III. The burden of proof is "clear and convincing" evidence to establish "threat to the community" and "clear preponderance" to establish risk of flight.

Besides making clear that the burden of persuasion always rests with the Service, we should state openly what the burden of proof is in these cases. In my view, given the similarity between the aggravated felony bond provision and section 3142 of the Bail Reform Act of 1984, the immigration judge must find "clear and convincing" evidence that the individual is not a "threat to the community." The burden of proof to establish that the alien is not "likely to appear" under section 242(a)(2)(B) of the Act should be a "clear preponderance of the evidence." United States v. Motamedi, 767 F.2d 1403 (9th Cir. 1985). I understand that in choosing these standards there is a certain arbitrariness, but at the same time, the virtue of these standards is that they allow us to draw upon an established body of law, and judicial interpretation, rather than striking out into the unknown. I am also aware that although the "clear and convincing" standard of proof is well established, there has been some dispute as to whether the standard of proof to establish risk of flight should also be "clear and convincing" evidence. Certainly, symmetry would seem to favor the same standard for both "threat" and the "flight risk."

The argument against identical standards is basically one founded in prior practice. In saying this, however, the only prior practice that is of any guidance is that found in federal judicial interpretations of bail provisions, because this Board has never stated what the burden of proof is in determining whether a person is a flight risk. This Board has, however, considered the same factors as have been considered in federal bail determinations, and so it seems logical to apply the same standard of proof. See, e.g., Matter of Andrade, 19 IN Dec. 488 (BIA 1987); Matter of Patel, 15 IN Dec. 666 (BIA 1976); Matter of San Martin, 15 IN Dec. 167 (BIA 1974). In Matter of San Martin, supra, this Board simply stated: "With reference to the Bail Reform Act, it provides that various factors should be taken into account, which were taken into account in this case, and of which we shall take account." Id. at 168 (footnote omitted).

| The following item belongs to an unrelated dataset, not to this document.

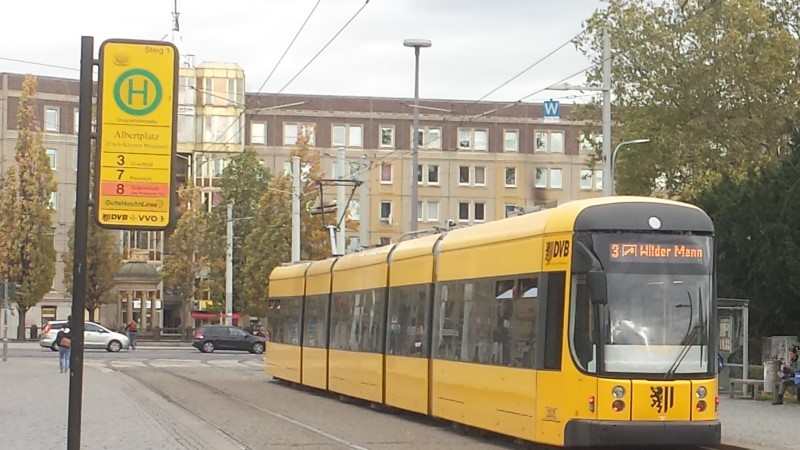 Straßenbahnlinien 3, 6, 7 und 8 fahren kurzzeitig Umleitung!  Foto: © MeiDresden.de/Frank Loose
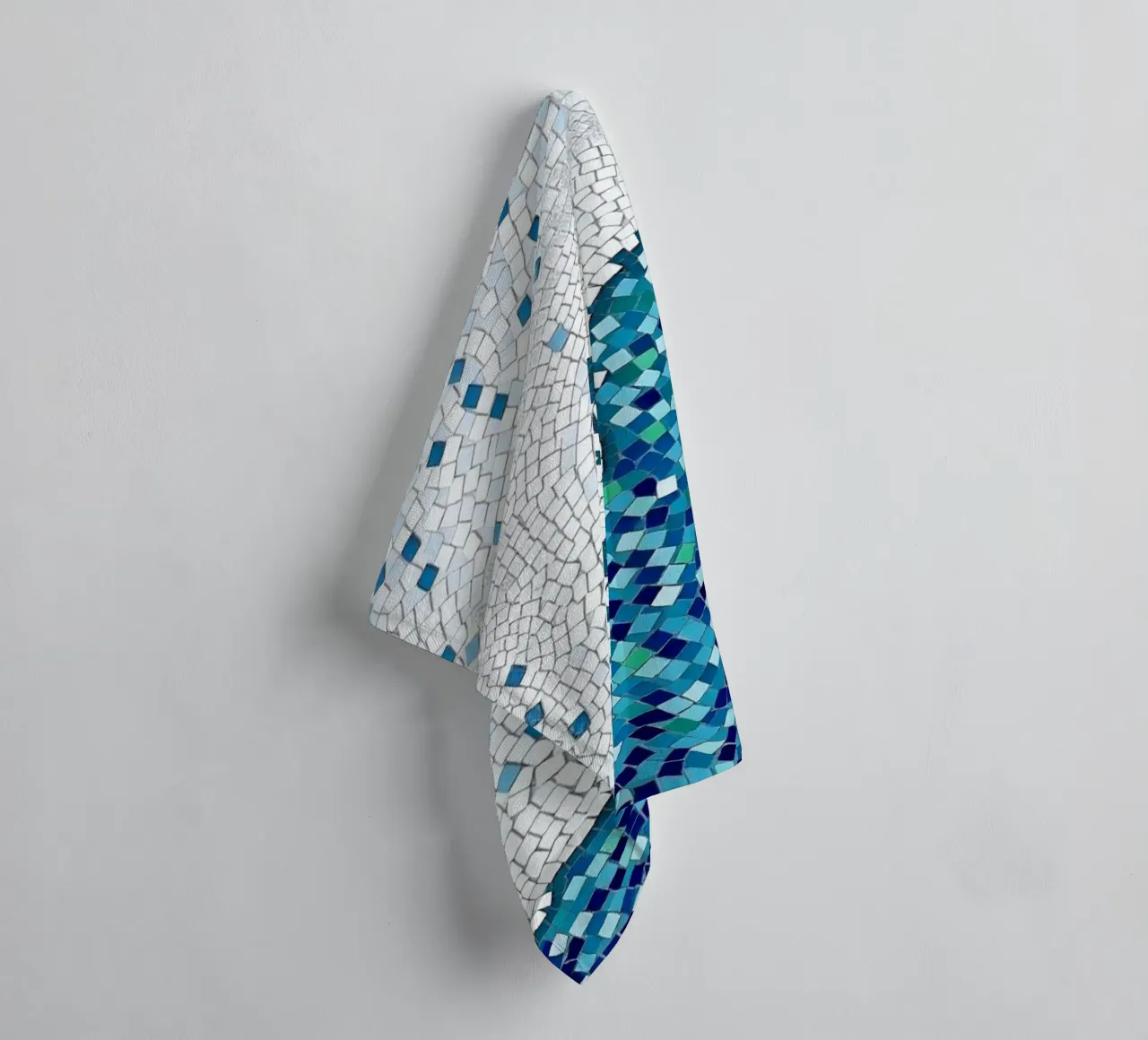 Marea tranquilla: un'onda serena in mosaico blu e bianco asciugamano da bagno da Artistic-shop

If then, this Board applies the same factors in bond determinations as are considered under the federal Bail Reform Act of 1984, then it makes sense to apply the same standards of proof, in the absence of any standard of proof in the aggravated felony bond provision. In construing section 3142 of the Bail Reform Act of 1984, the Ninth Circuit stated:

Finally, because the standard of proof usually applicable to pretrial proceedings is the preponderance of the evidence, we conclude that the congressional silence with regard to the applicable standard of proof in demonstrating risk of flight is the preponderance of the evidence.

Such differential treatment comports with the congressional recognition of danger to another or to the community as a discrete, independent basis for the denial of pretrial release. Since bail was determined under the former law by the likelihood of defendant's appearance at trial, and without explicit recognition of the need to protect the community, it is reasonable to subject the Government to a higher standard of proof when the second purpose is added as an explicit statutory category. Further, a finding of danger to the community is likely to involve more specific and quantifiable evidence than is a finding of risk of flight. For instance, prior convictions, police reports, and other investigatory documents are, as a matter of course, used to show past histories of violence. From these objective sources, trial judges may infer a present danger to the community. Such data is not often available regarding risk of flight. Thus, it is wholly feasible for the Government to satisfy the higher burden in showing danger to the community.

United States v. Motamedi, supra, at 1407 (citations omitted).

In my estimation, these cogent considerations offer a sound basis for applying the same standards of proof to section 242(a)(2)(B) of the Act. In this instance, because the immigration judge did not apply the provisions of this section in setting bond, I would remand the record to the immigration judge to determine whether the respondent is a threat to the community or a flight risk under the standards outlined above.